↓

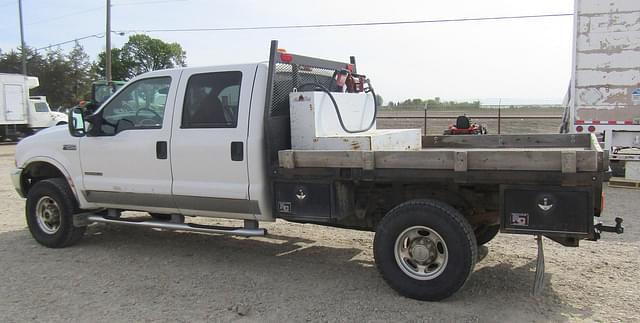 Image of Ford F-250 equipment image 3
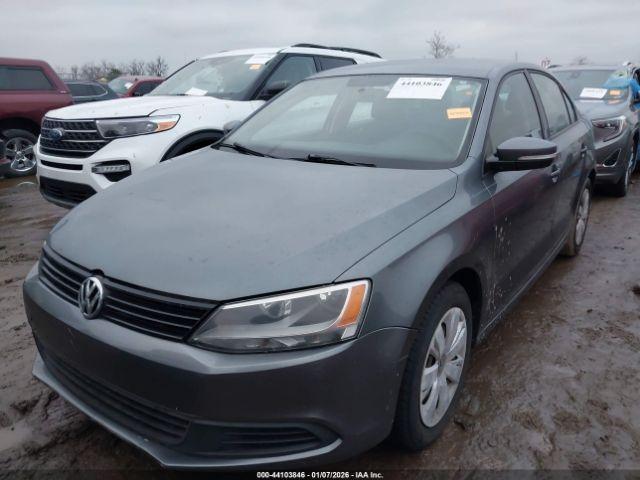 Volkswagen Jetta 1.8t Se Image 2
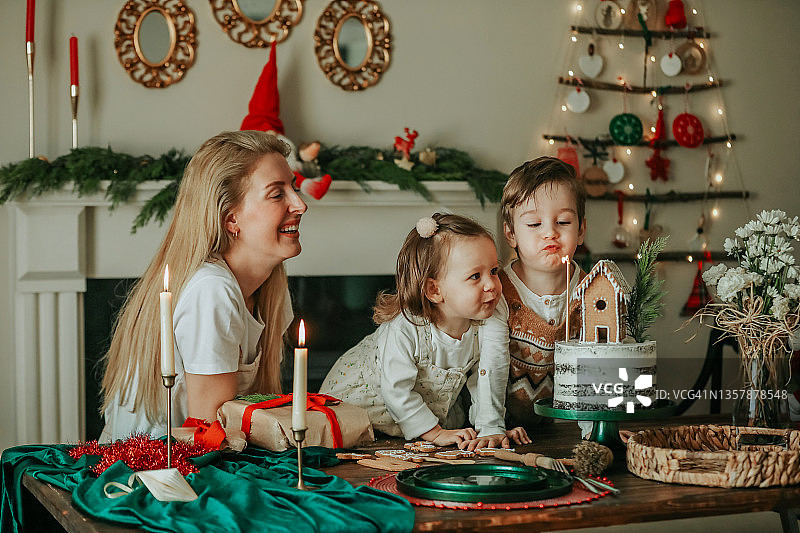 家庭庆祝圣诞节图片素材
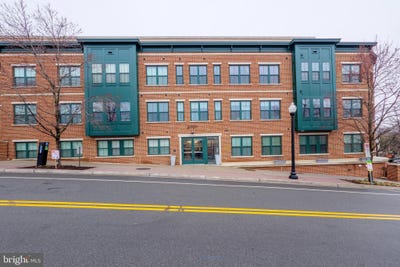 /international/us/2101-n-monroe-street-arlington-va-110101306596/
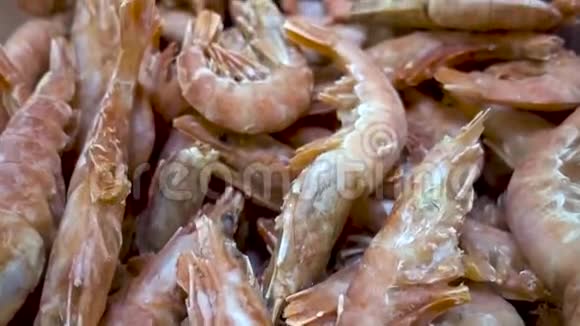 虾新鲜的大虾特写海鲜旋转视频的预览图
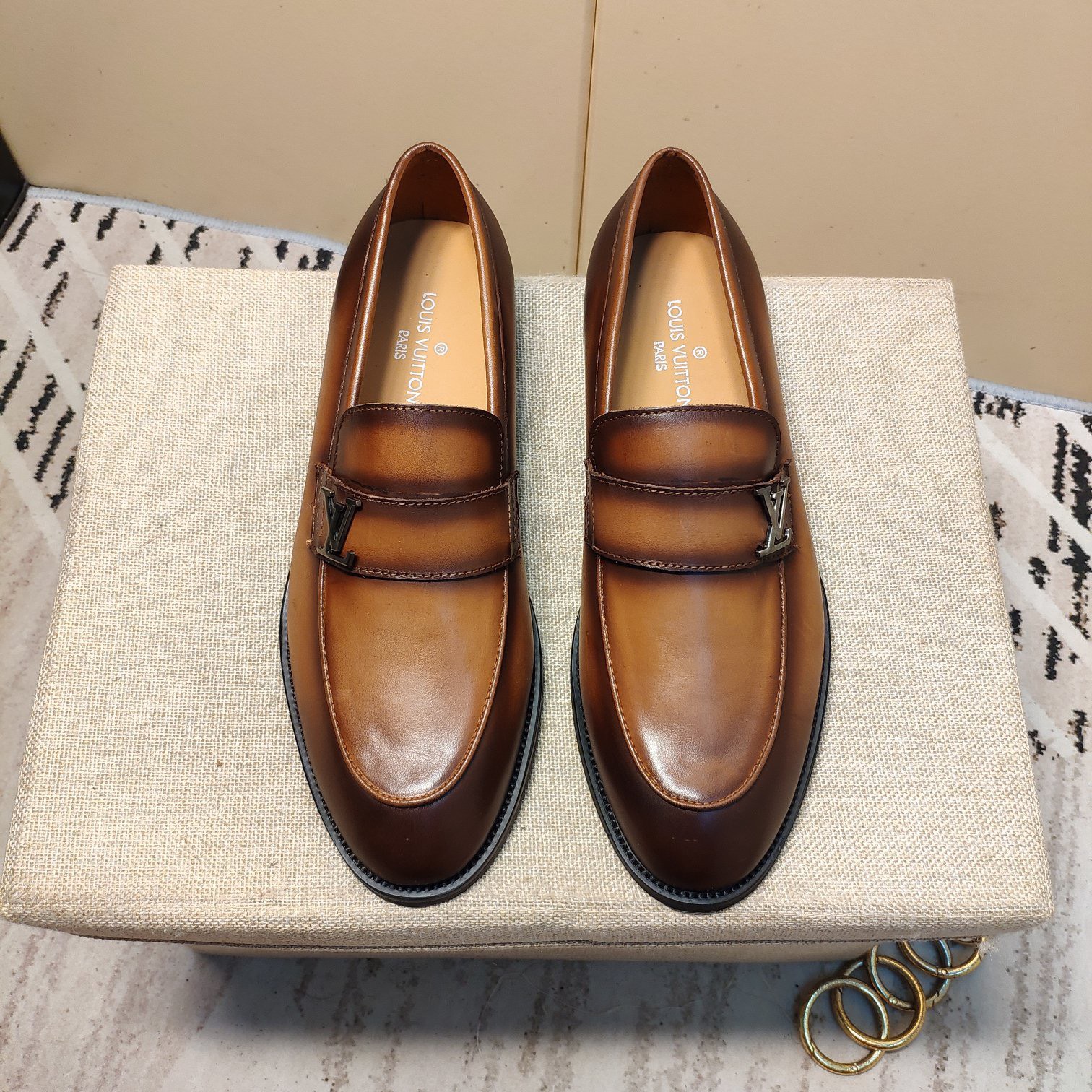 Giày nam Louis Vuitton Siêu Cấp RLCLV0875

↑

* _What the task asks_
Please transcribe the listing above verbatim and exclude every picture.

* _Your response_
 Image of Ford F-250 equipment image 3
 Volkswagen Jetta 1.8t Se Image 2
 家庭庆祝圣诞节图片素材
 /international/us/2101-n-monroe-street-arlington-va-110101306596/
 虾新鲜的大虾特写海鲜旋转视频的预览图
 Giày nam Louis Vuitton Siêu Cấp RLCLV0875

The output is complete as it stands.